_WHAT NEEDS TO BE DONE_
Print the data exactly as written, line for line, and leave its pictures behind.

_INFORMATION SHOWN_
_ _ _ _ _ _ _

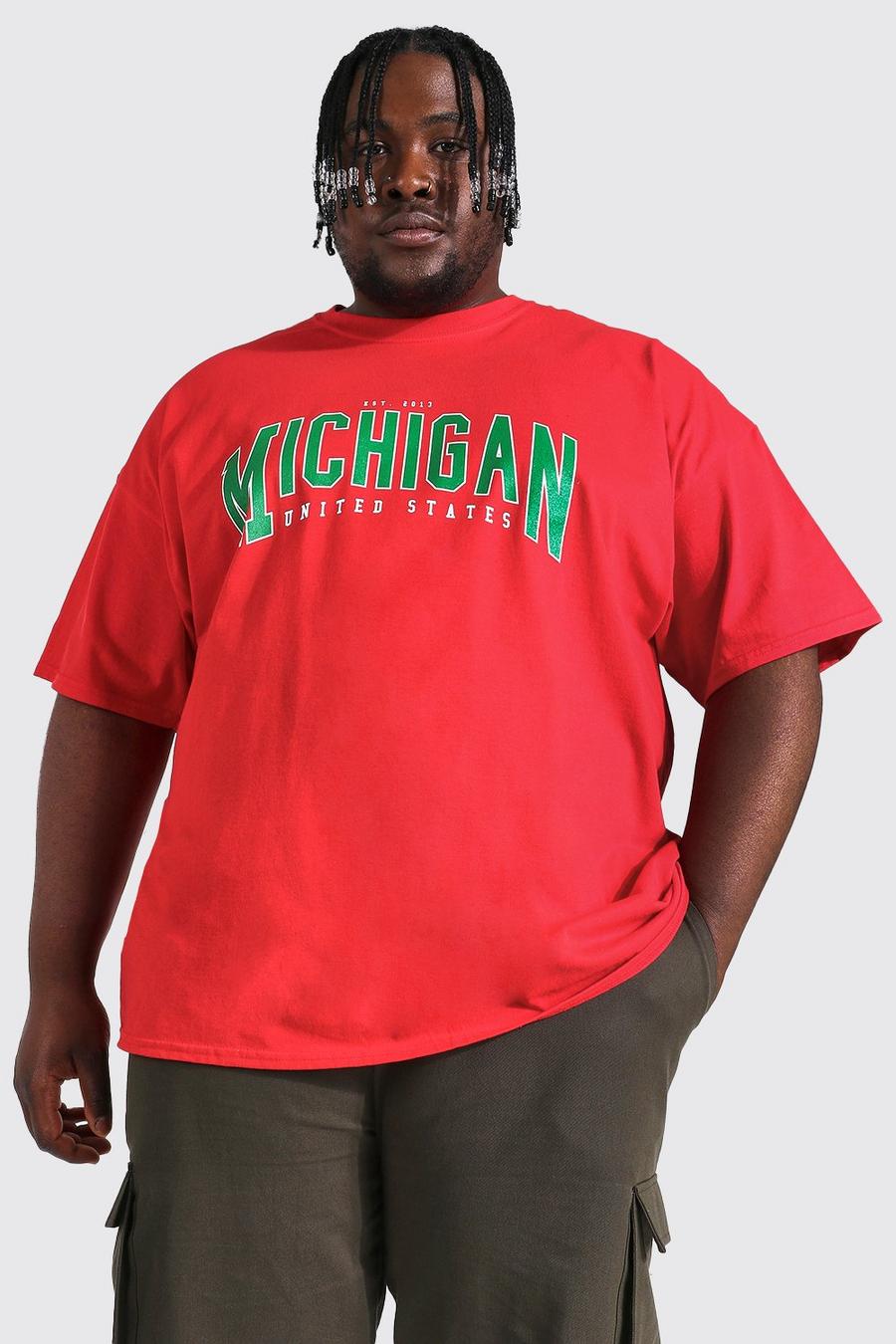 Red Plus Size Michigan Varsity Graphic T-Shirt image number 1
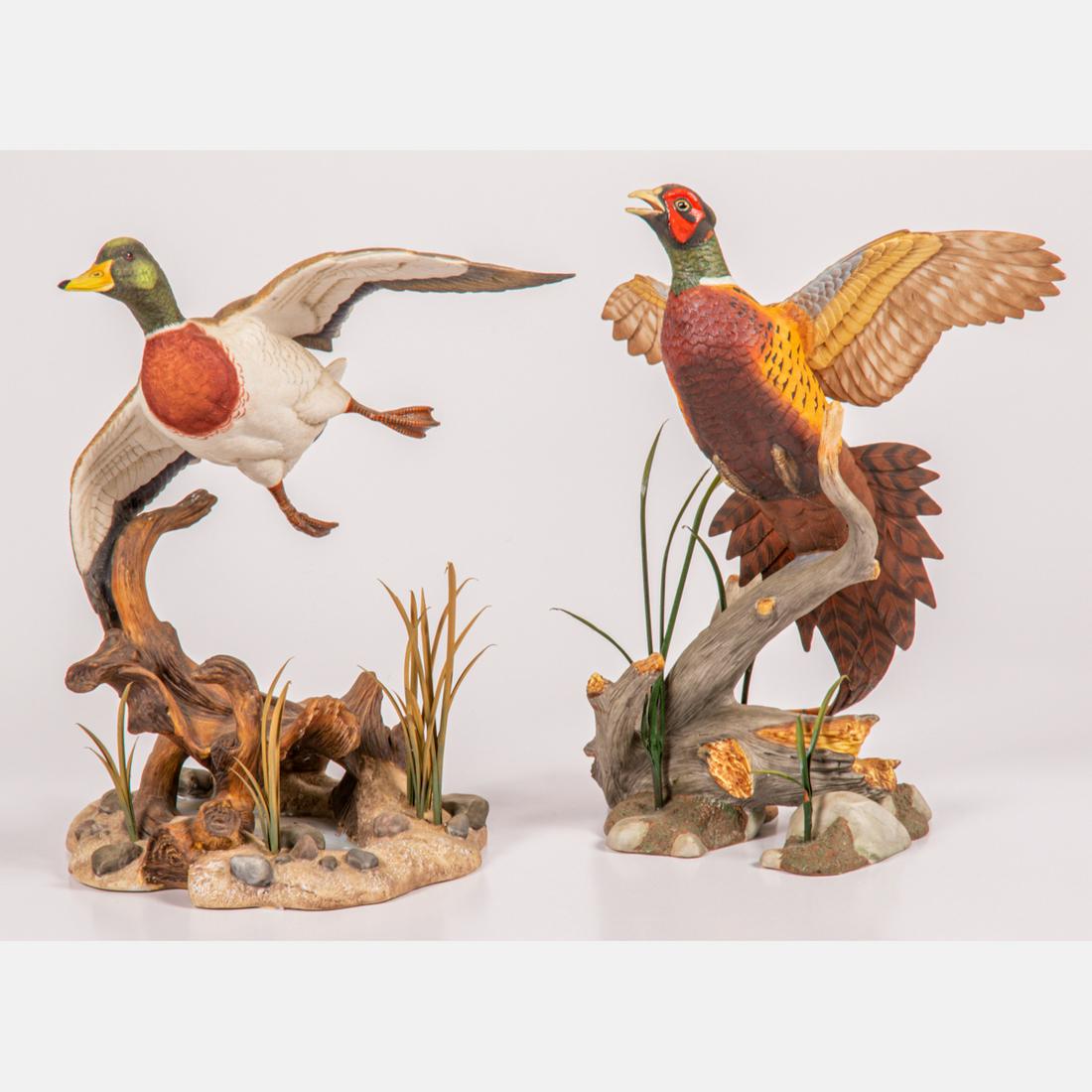 Two Franklin Mint Hand Painted Porcelain Bird Sculptures (1 of 4)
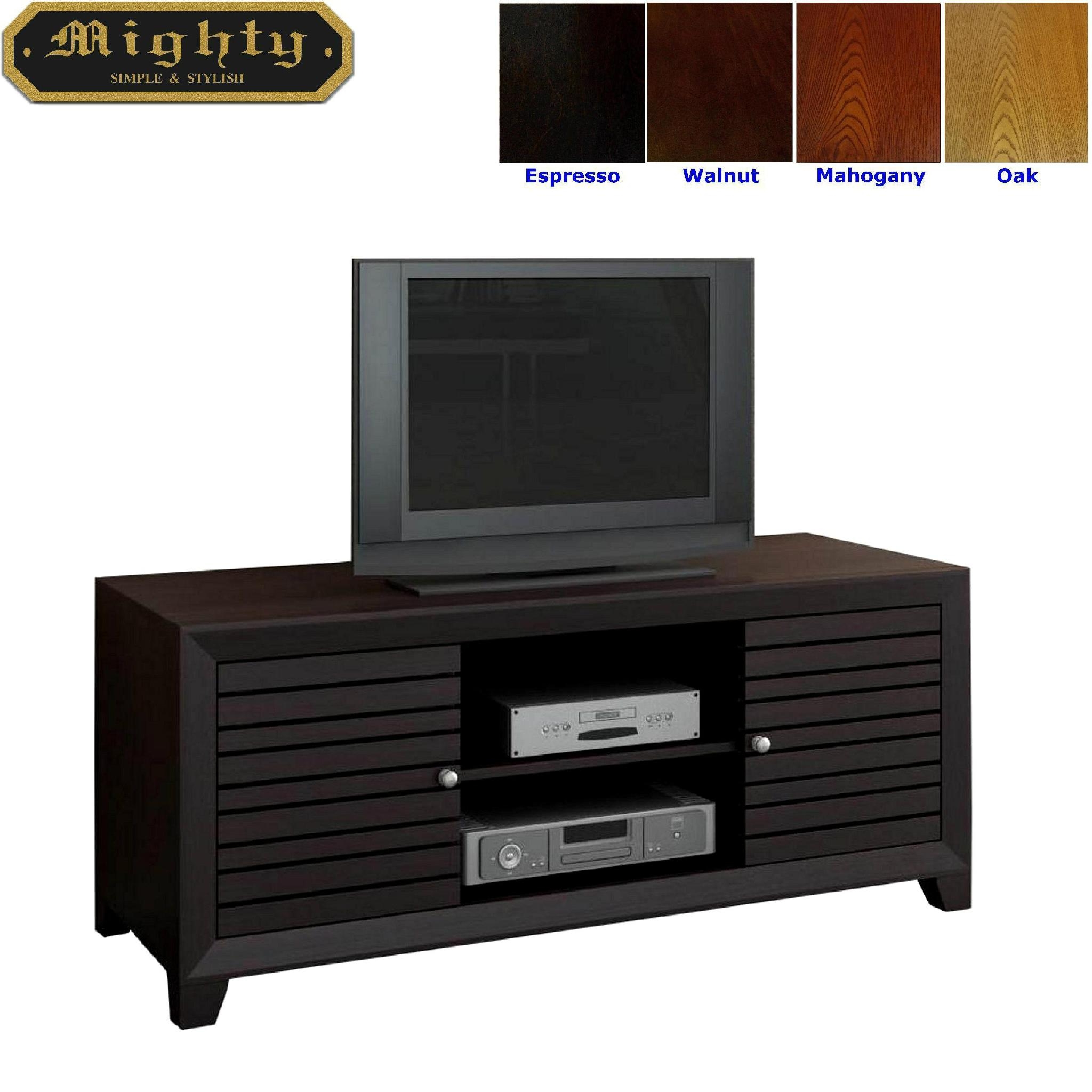 48 inch Wooden Espresso Slat Door Solid Wood TV Stand WD3209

_ _ _ _ _ _ _

_THE ANSWER_
 Red Plus Size Michigan Varsity Graphic T-Shirt image number 1
 Two Franklin Mint Hand Painted Porcelain Bird Sculptures (1 of 4)
 48 inch Wooden Espresso Slat Door Solid Wood TV Stand WD3209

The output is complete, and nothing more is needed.